DOL Signals Loosening in Regulatory Stance on Independent Contractor Misclassification and Joint Employer Liability

Alexandra D. Thaler and Justin Engel

The federal Department of Labor signaled this week that it is reversing course on Obama-era policies that had resulted in the risk of expansive employer liability with respect to worker classification and joint employment.  The DOL’s withdrawal of two controversial guidance documents from 2015 and 2016 is one in a series of steps indicating that the Trump administration seeks to make good on campaign promises to loosen regulations on employers.

In 2015 the DOL had articulated its view of the definition of an employee under the Fair Labor Standards Act in the context of independent contractor misclassification.  In an informal guidance known as an Administrator’s Interpretation (AI), the DOL reviewed the application of the so-called “economic realities” test used to determine whether a worker is an employee or an independent contractor.  This multi-factor test is much broader than the common law “control” test, and as a result it sweeps more relationships under the label of “employment.”  The DOL thus concluded that application of the test results in the finding that “most workers are employees under the FLSA.”  Although the DOL purported to rely on established precedent in reaching this conclusion, its clear message to employees and businesses was that the Department would take the broadest possible view of employment relationships in investigation and enforcement proceedings going forward.  Accordingly, the withdrawal of the guidance sends the message that the DOL will be softening its stance on this issue.

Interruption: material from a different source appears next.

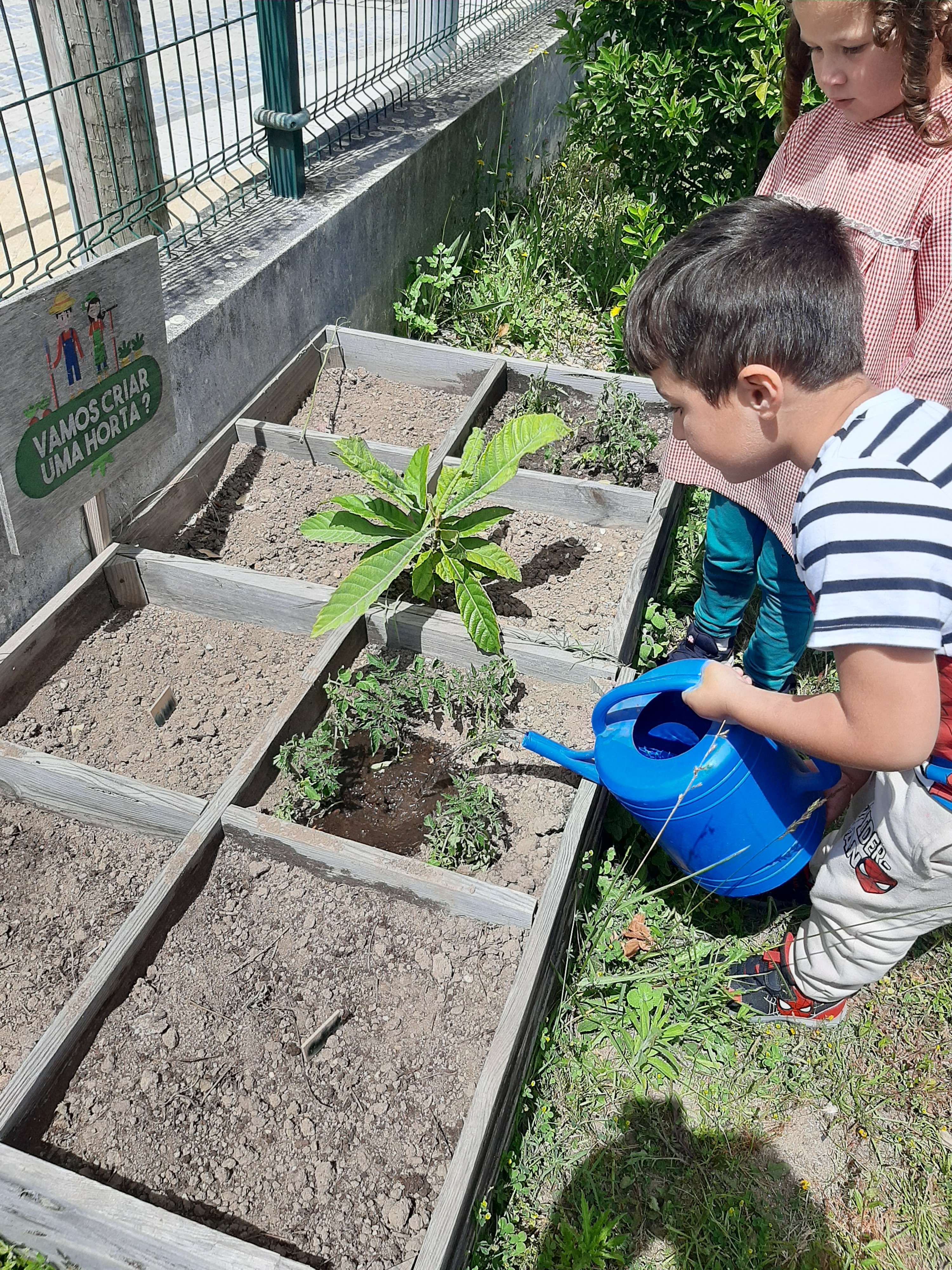transplante dos tomates semeados para o espaço da horta maior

As we wrote at the time, in a subsequent Administrator’s Interpretation issued in early 2016, the DOL advocated an expansive definition of joint employment.  The DOL asserted that joint employment could be either “horizontal” or “vertical,” and may exist when “an employee is employed by two (or more) employers and the employers are responsible, both individually and jointly, for that employee under the law.”   While the AI’s description of “horizontal” joint employment largely conformed to the established approach, which looks to the common law “control” test to determine whether an employee is sufficiently controlled by two or more employers for joint employment to arise, the DOL’s definition of “vertical” joint employment represented a significant departure from this precedent.  According to the guidance, “vertical” joint employment “exists where the employee has an employment relationship with one employer (typically a staffing agency, subcontractor, labor provider, or other intermediary employer) and the economic realities show that he or she is economically dependent on, and thus employed by, another entity involved in the work.”  By announcing that vertical joint employment status should be evaluated using the multi-factor “economic realities” test, the DOL clearly intended to broaden the circumstances in which employers could be found jointly and severally liable for FLSA violations.  Thus, the DOL’s withdrawal of the 2016 AI signals a return to the narrow common law focus on control as the touchstone for determining whether joint employment exists.

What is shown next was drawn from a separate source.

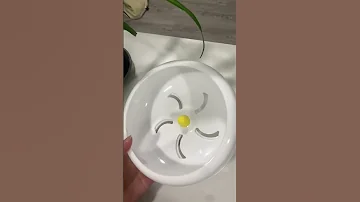 Колесо для хомяка 🤍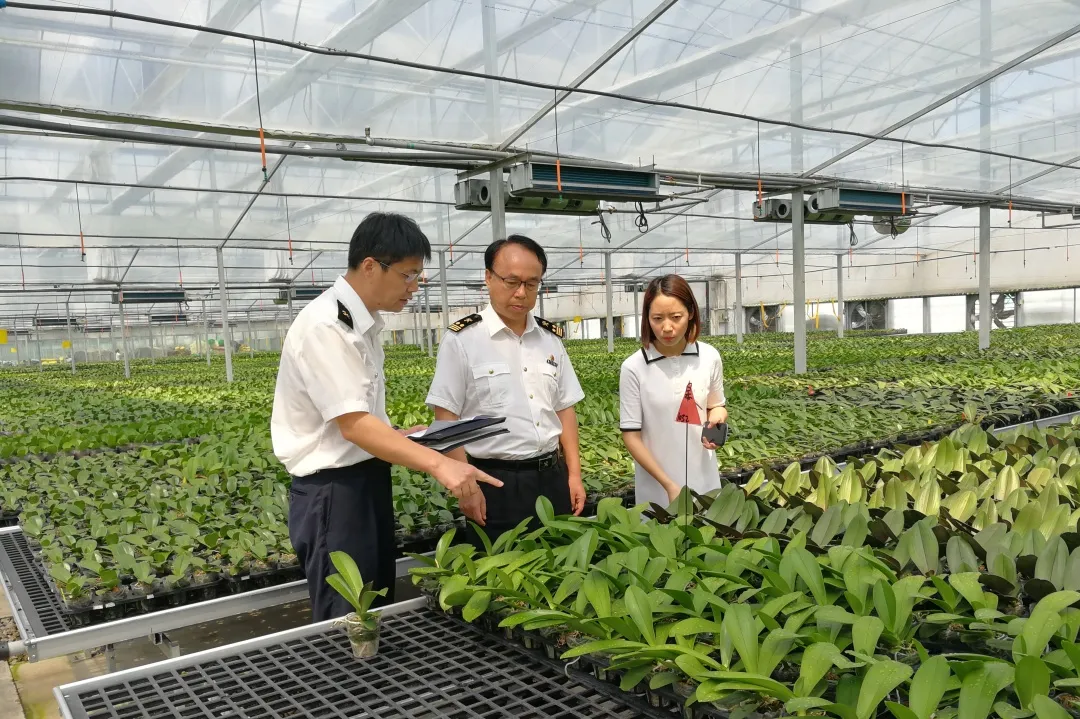 「动植物检疫」种苗出口小课堂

While it remains to be seen what specific impact the withdrawals of these interpretations will have, employers that had been wary of the Obama administration’s broad pronouncements in the area of wage and hour enforcement, and business groups that had urged the withdrawal of these interpretations, will welcome this change.   These and other recent announcements—including the proposed 2018 federal budget, which contains a dramatic 21% funding cut for the DOL and proposes the merger of the OFCCP into the EEOC while also significantly cutting the OFCCP’s budget—may mean that the regulatory landscape for employers will experience significant loosening in the months and years to come.  However, it is important to keep in mind that other regulatory or even Congressional action in other areas relating to the employer-employee relationship (most notably a possible increase to the minimum salary requirement for exempt employees on which the DOL will soon solicit public comment once again, according to a recent statement by Labor Secretary Alexander Acosta), may yet result in significant impact on businesses and individuals.